Information provided »
+ + +

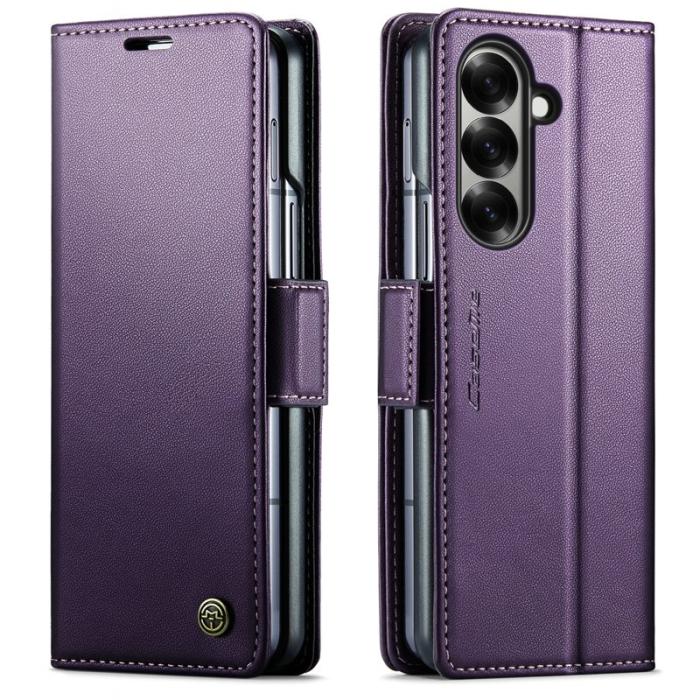 Caseme - CASEME 023 Samsung Galaxy Z Fold7 5G Skal Läder Plånbok Lila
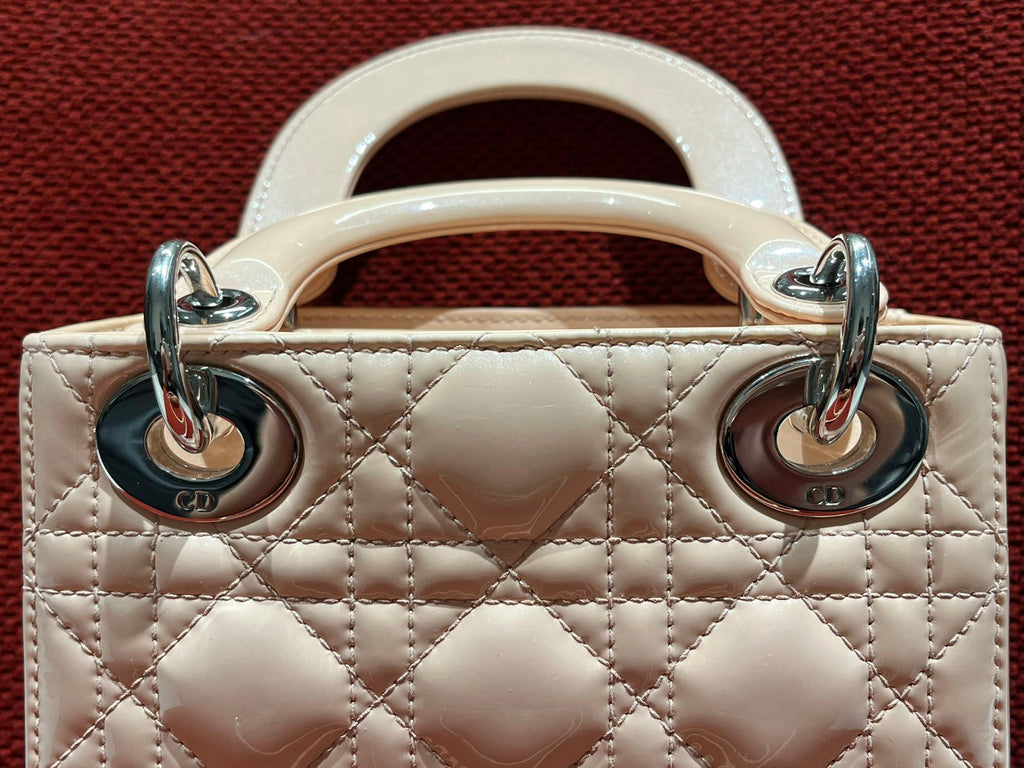 Lady dior mini pink patent leather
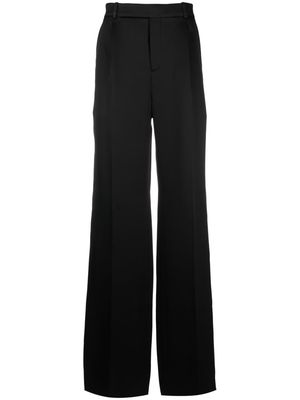 Saint Laurent silk satin tailored trousers - Black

+ + +

Task description » Skipping the images, write out the whole listing exactly.

Your response »
 Caseme - CASEME 023 Samsung Galaxy Z Fold7 5G Skal Läder Plånbok Lila
 Lady dior mini pink patent leather
 Saint Laurent silk satin tailored trousers - Black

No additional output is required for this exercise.